Considerations for running multiple steps in parallel - Amazon EMR

Considerations for running multiple steps in parallel

  • Steps running in parallel may complete in any order, but pending steps in queue transition to running state in the order they were submitted.

  • When you select a step concurrency level for your cluster, you must consider whether or not the primary node instance type meets the memory requirements of user workloads. The main step executer process runs on the primary node for each step. Running multiple steps in parallel requires more memory and CPU utilization from the primary node than running one step at a time.

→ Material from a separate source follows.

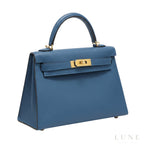 Hermès Mini Kelly 20 Sellier Handbag - Deep Blue Hue with Gold Hardware
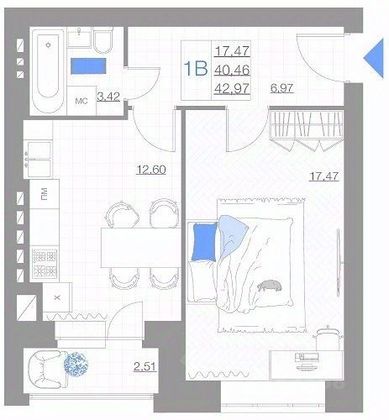 Продажа 1-комнатной квартиры 43 м², 1/5 этаж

  • To achieve complex scheduling and resource management of concurrent steps, you can use YARN scheduling features such as FairScheduler or CapacityScheduler. For example, you can use FairScheduler with a queueMaxAppsDefault set to prevent more than a certain number of jobs from running at a time.

  • The step concurrency level is subject to the configurations of resource managers. For example, if YARN is configured with only a parallelism of 5, then you can only have five YARN applications running in parallel even if the StepConcurrencyLevel is set to 10. For more information about configuring resource managers, see Configure applications in the Amazon EMR Release Guide.

  • You cannot add a step with an ActionOnFailure other than CONTINUE while the step concurrency level of the cluster is greater than 1.

  • If the step concurrency level of a cluster is greater than one, step ActionOnFailure feature will not activate.

  • If a cluster has step concurrency level 1 but has multiple running steps, TERMINATE_CLUSTER ActionOnFailure may activate, but CANCEL_AND_WAIT ActionOnFailure will not. This edge case arises when the cluster step concurrency level was greater than one, but lowered while multiple steps were running.

  • You can use EMR automatic scaling to scale up and down based on the YARN resources to prevent resource contention. For more information, see Using automatic scaling with a custom policy for instance groups in the Amazon EMR Management Guide.

  • When you decrease the step concurrent level, EMR allows any running steps to complete before reducing the number of steps. If the resources are exhausted because the cluster is running too many concurrent steps, we recommend manually canceling any running steps to free up resources.